見えない騎士たち【ぎじプリ】
だがその日、課長が引き出しを開けることはなかった。
一度は手にかけたそれを、俺はどうしても開けることが出来なかったのだ。
どんなに力を入れてもビクともしない引き出しに、課長は不思議な顔をしながらも「まぁ、いいか」と呟いて、手を離した。
莉子の想いは届かない。
届いていない――俺のせいで。
一部始終を見ていたプリ男は、日々暗くなっていく莉子の表情を見る度に『おい、馬鹿デスク』と俺を罵った。

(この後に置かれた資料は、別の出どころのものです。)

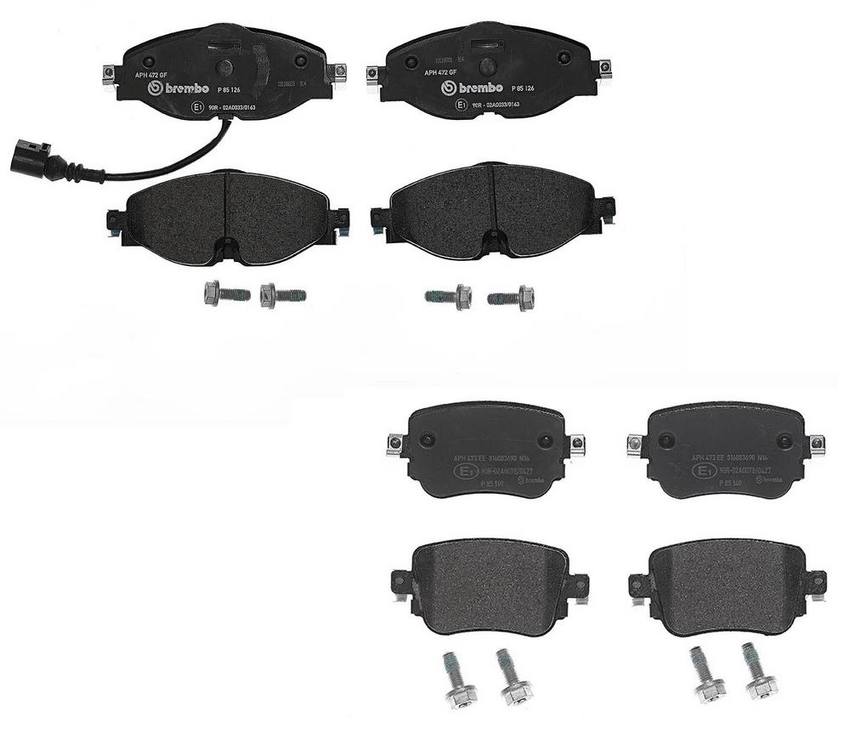 VW Disc Brakes Kit - Pads Front and Rear (Low-Met) 8V0698151G - Brembo 4045896KIT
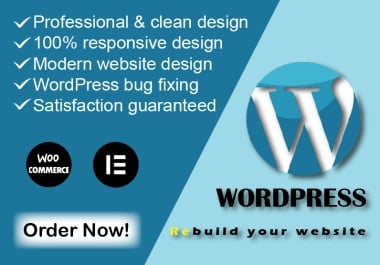 You will get WordPress website design,  redesign,  clone,  revamp,  or a bug fix
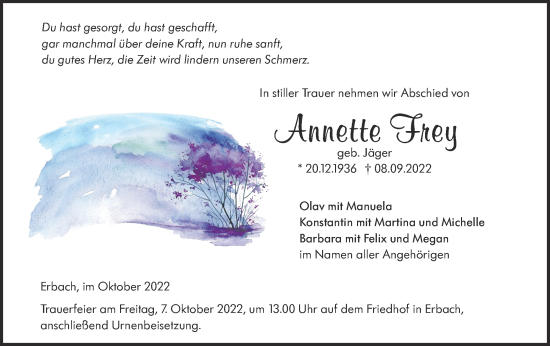 Traueranzeige von Annette Frey von SÜDWEST PRESSE Ausgabe Ulm/Neu-Ulm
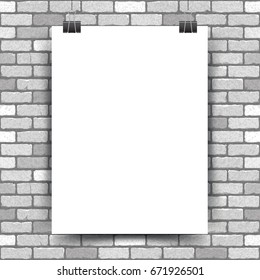 Vector illustration of a white poster hanging on a clerical clip on a white brick wall background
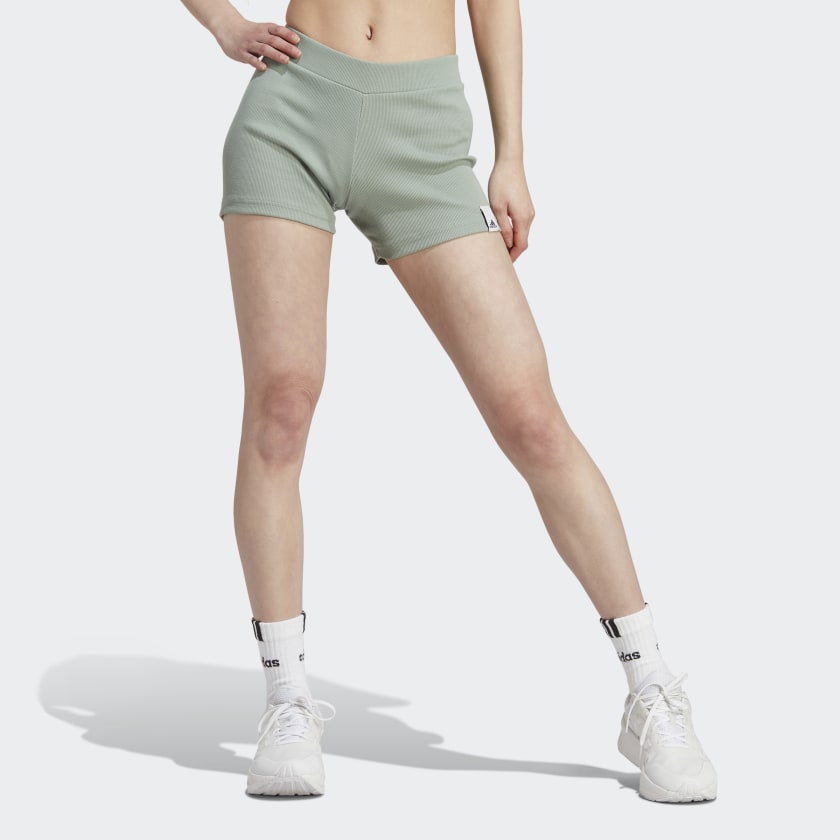 adidas Lounge Rib Booty Shorts - Green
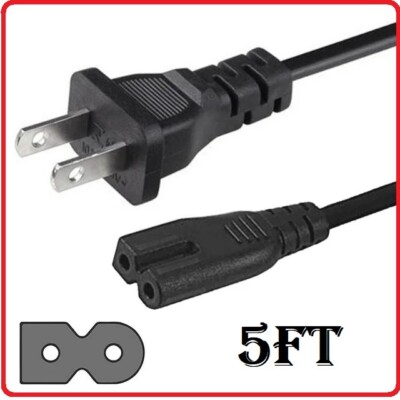 Polarized Power Cord, 2 Prong, Universal, 5Ft, Black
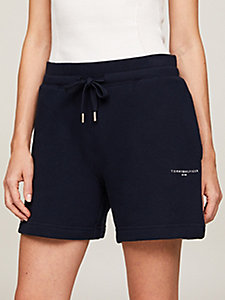 blue 1985 collection logo relaxed fit shorts for women tommy hilfiger
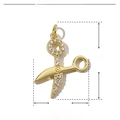 Detailed size chart for the gold scissor charm made of copper and zircon stone - Scissors Shape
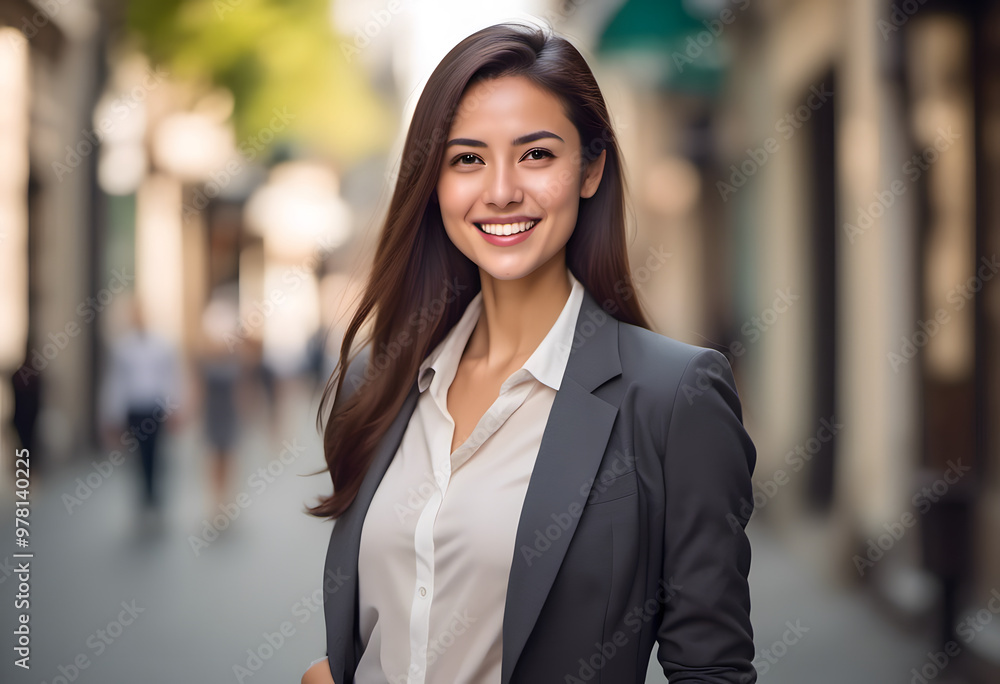 A professional young business woman portrait. A young woman with a warm smile. She has long hair. Her expression is friendly and approachable, showcasing her clear skin and bright eyes. A professional young business woman portrait. A young woman with a warm smile. She has long hair. Her expression is friendly and approachable, showcasing her clear skin and bright eyes.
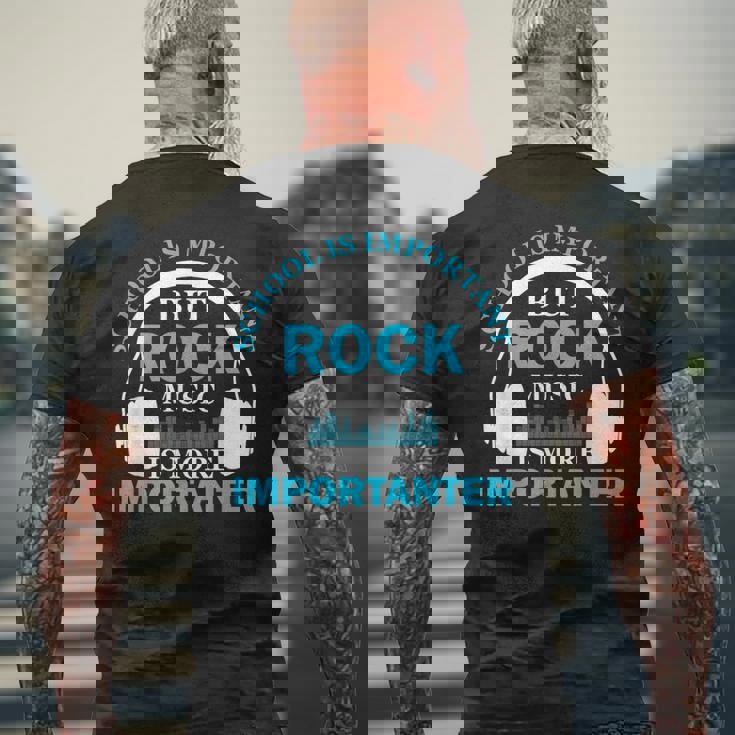 School Is Important But Rock Music Is More Importanter メンズTシャツ バックプリント 高齢者への贈り物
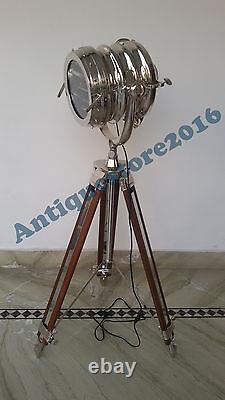 Vintage Industrial Designer Nautical Spotlight Wooden Tripod Floor Lamp Gift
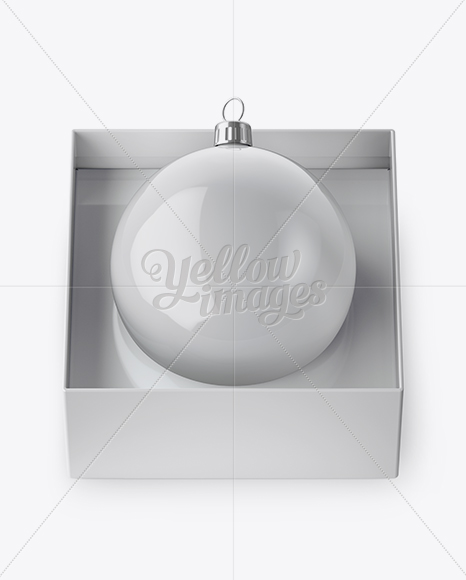 Glossy Christmas Ball in Paper Box Mockup (High-Angle Shot)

『見損なったぞ、デスク。お前には莉子ちゃんの、あの悲しそうな顔が見えないのかよっ』
――うるさい、うるさい、うるさい!
分かってるんだ、俺だって。
どんなに俺が莉子を想っても、その気持ちも、存在すら彼女には気づいてもらえない。
悔しかったんだ! ――そして、うらやましかった。
莉子と見つめ合い、話をし、彼女に想ってもらえるアイツのことが。
『莉子ちゃん……最近、課長から距離置いてるぞ』
『えっ』
『返事がもらえないから、失恋したって思ってるんじゃないかな』
――莉子!
俺はその時初めて、引き出しを開けなかったことを、本気で後悔した。